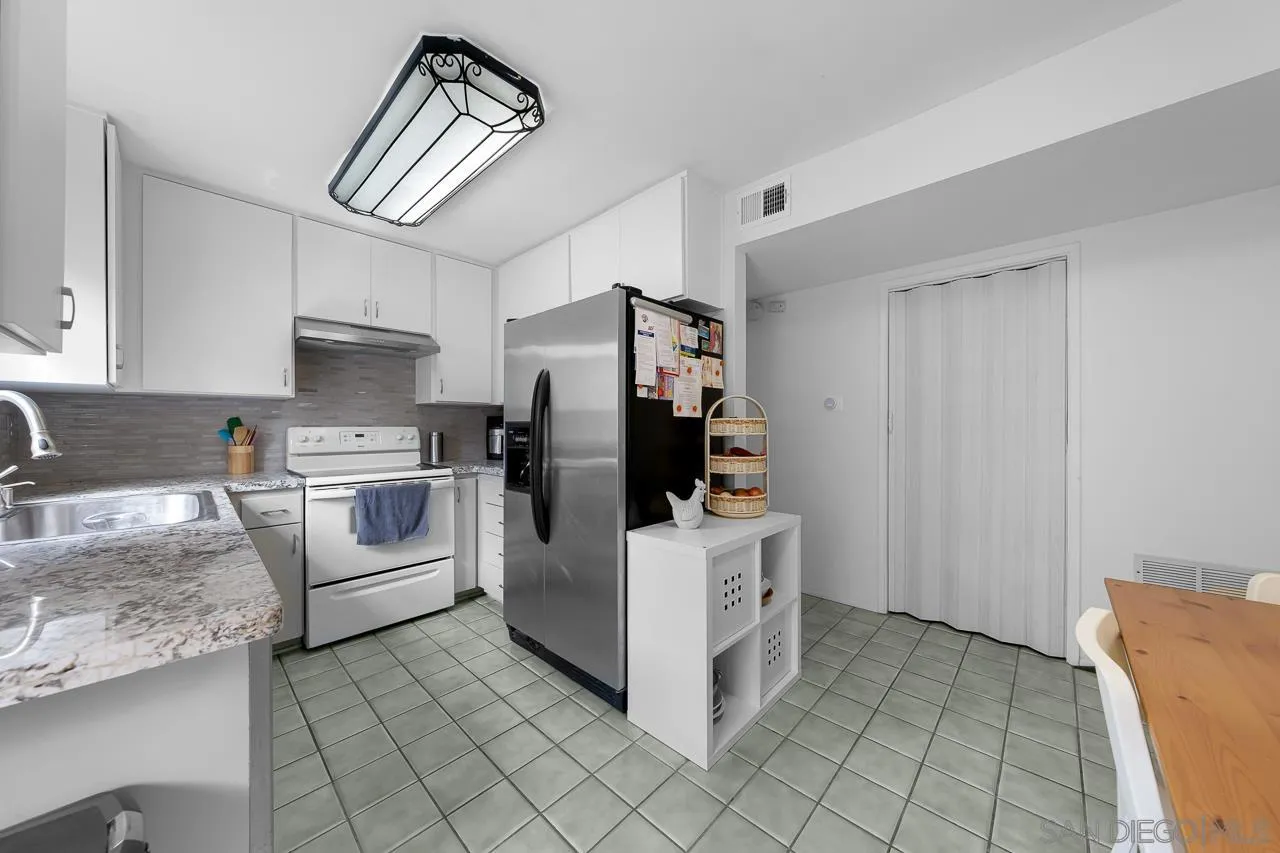 https://cdn.realtyfeed.com/cdn/127/2600295/864e3605f78d59815bbe777940135c14.webp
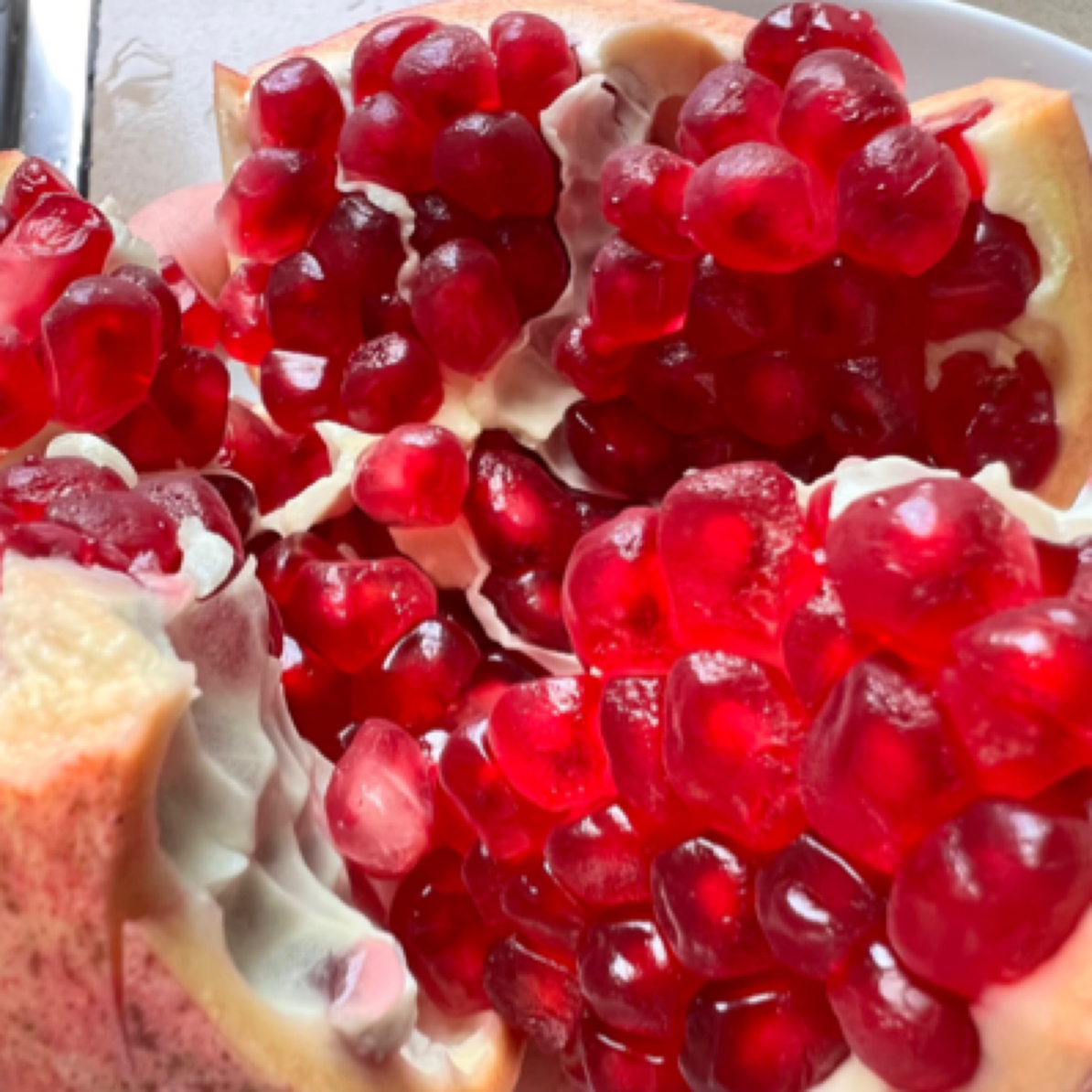 软籽石榴2个新鲜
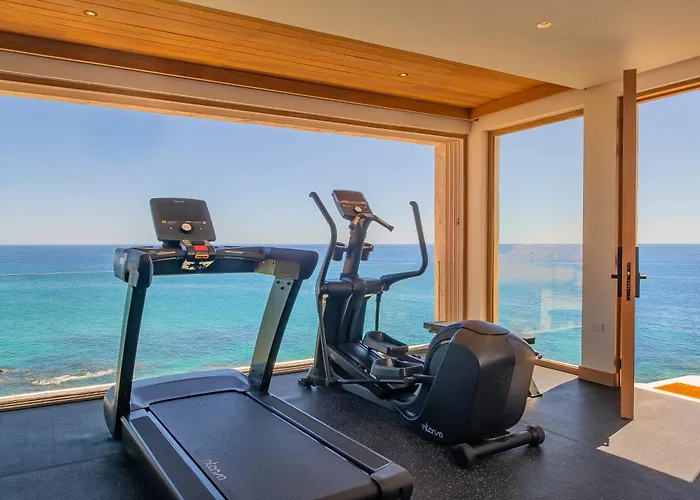 New Stunning Villa, Full Staff, Gym And Has Its Own Private Swimmable Beach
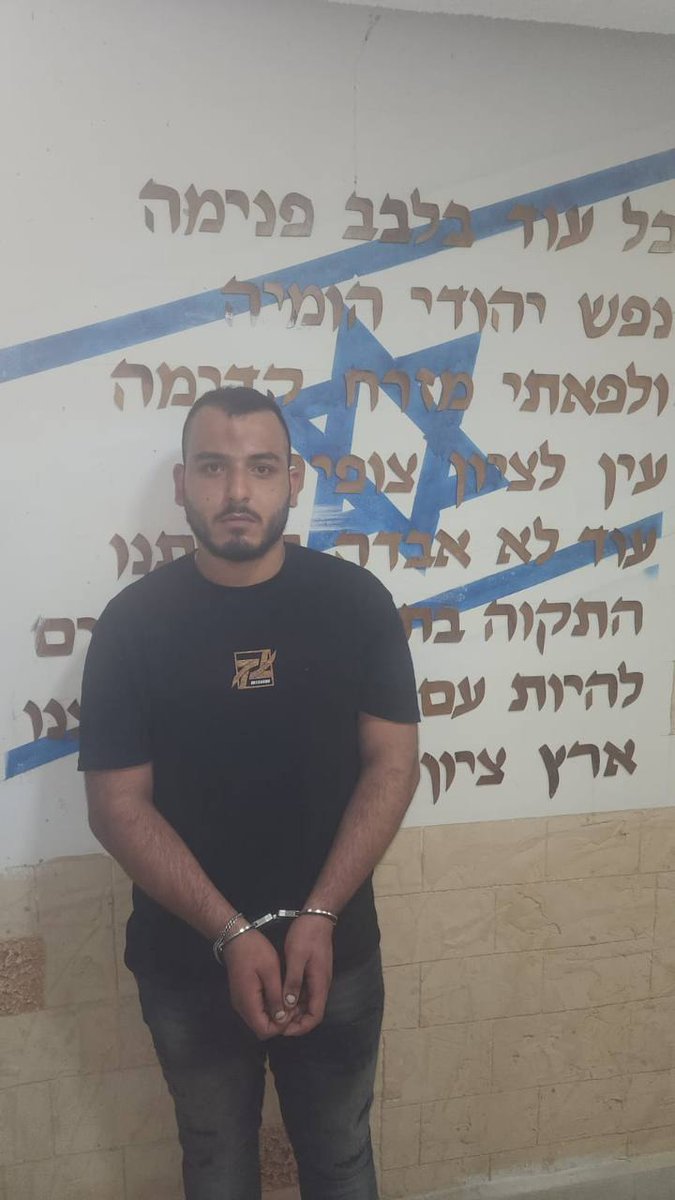 עובד בית החולים מאיר בכפר סבא, בסרטון מקלל יהודים והלילה עצור בתחנת המשטרה כשמאחוריו ההמנון הלאומי.

זו המדיניות שלנו: אפס סבלנות למי שמזדהה עם המחבלים!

_ _ _ _ _ _ _

Exercise brief = Leave the pictures out, and print every line of the listing exactly as written.

Reply to the exercise =
 https://cdn.realtyfeed.com/cdn/127/2600295/864e3605f78d59815bbe777940135c14.webp
 软籽石榴2个新鲜
 New Stunning Villa, Full Staff, Gym And Has Its Own Private Swimmable Beach
 עובד בית החולים מאיר בכפר סבא, בסרטון מקלל יהודים והלילה עצור בתחנת המשטרה כשמאחוריו ההמנון הלאומי.

זו המדיניות שלנו: אפס סבלנות למי שמזדהה עם המחבלים!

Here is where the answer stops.